Ganapati Festival
The streets cleared up with the rakhi stalks and the shops selling Ganapati idols stood up at every corner of the city. Beautiful eco friendly clay idols in all sizes and bright colors were arranged on rows beckoning devotees to choose from. Then came Ganesh Chaturthi on September 7th and each idol was welcomed into the host home with jubilation. Indeed the festival changed the aura of the entire city. Not just homes, Ganapati idols shone in public places in huge pandals, each crafted with a lot of creativity and effort.
This year I took up the invitation from my friends in Goa to celebrate the festival with them. First in Vasco, then in Aldona and Bicholim. There were several more friends and family scattered around Goa who I would love to meet but couldn’t because there were no drivers or taxis available during the festival. It is such a huge event in Goa, much more than Diwali that all people, including maids and drivers, take off to their ancestral homes.
I saw the celebrations up close in the homes of my friends. It was truly a great privilege. The festival brought extended families together in prayer. The benevolent Lord Ganesh seemed to take delight in the love and goodwill. The morning and evening Arati ( devotional songs) created a special atmosphere. Three to four generations singing these traditional songs together standing in front of the decorated podium housing the Ganapati idol was a sight to behold. Ganesh Chaturthi day I celebrated with the Joshi family in Vasco.
The following day in Aldona I had the additional privilege to sit down for personalized Ganapati Abhishek along with other members of their family, conducted by a priest. A sit down traditional lunch following the puja and arati, served on banana leaves had it own charm.
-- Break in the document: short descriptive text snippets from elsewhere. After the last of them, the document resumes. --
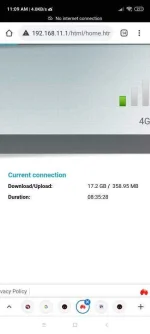 Screenshot_2021-04-12-11-09-25-337_com.android.chrome.jpg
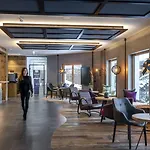 Almlust - Hotel, Apartments, Hotel Flachau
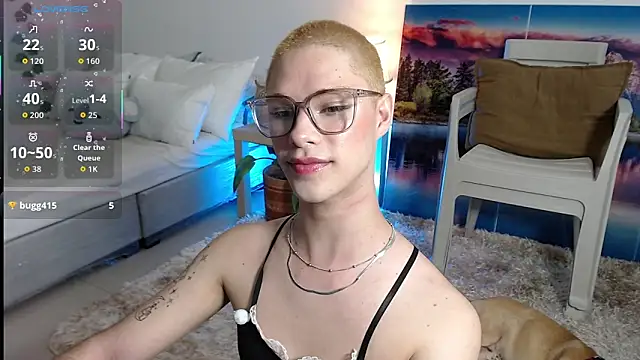 Snapshot of juanes_puthee chatting on 21, 9, 2025 juanes puthee online show from 21, 9, 2025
The family then went on with light entertainment using karaoke. They invited me to join them in singing. It was fun. I hadn’t sung in a long long time.
From Aldona I accompanied my hosts to their home in Bicholim. Their home is one of a kind. Situated across the river it is a three storied building entirely and uniquely designed by my colleague’s father. It has the look of a log house but it is not made out of wood. Concrete is designed to give the appearance of wood. Inside, the rooms are each assigned a theme of the elements of nature. Kitchen has been done with the theme of Fire. Some rooms with earth theme, bathrooms with water theme, ceiling with sky/ air/ celestial theme etc. All elaborately hand painted by artists. Not surprisingly it took four years to complete the project. The living room had a specially created shrine with a large idol of seated Sai Baba and other idols in the forefront. All three kids in the family are named with Sai in the start of their name: Sailee, Saisha, Saidutta. The dad spends a good hour or more each morning with prayer rituals in the shrine. Not surprisingly the whole family consists of God fearing, good people. Their hospitality was something I can never forget. Mom and grandma put their hands into the kitchen immediately upon getting back from Aldona. They made the yummiest of curries and accompaniments for dinner and the lunch the following day. The kids and dad were giving suggestions to add items on the menu they thought I would like. They made me feel so welcome and special. As if the home cooked delicious meal wasn’t enough they pampered me with local packaged cashews, a box of saffron bought during their trip to Kashmir, a lovely saree from Bengal, and many more endearing gifts.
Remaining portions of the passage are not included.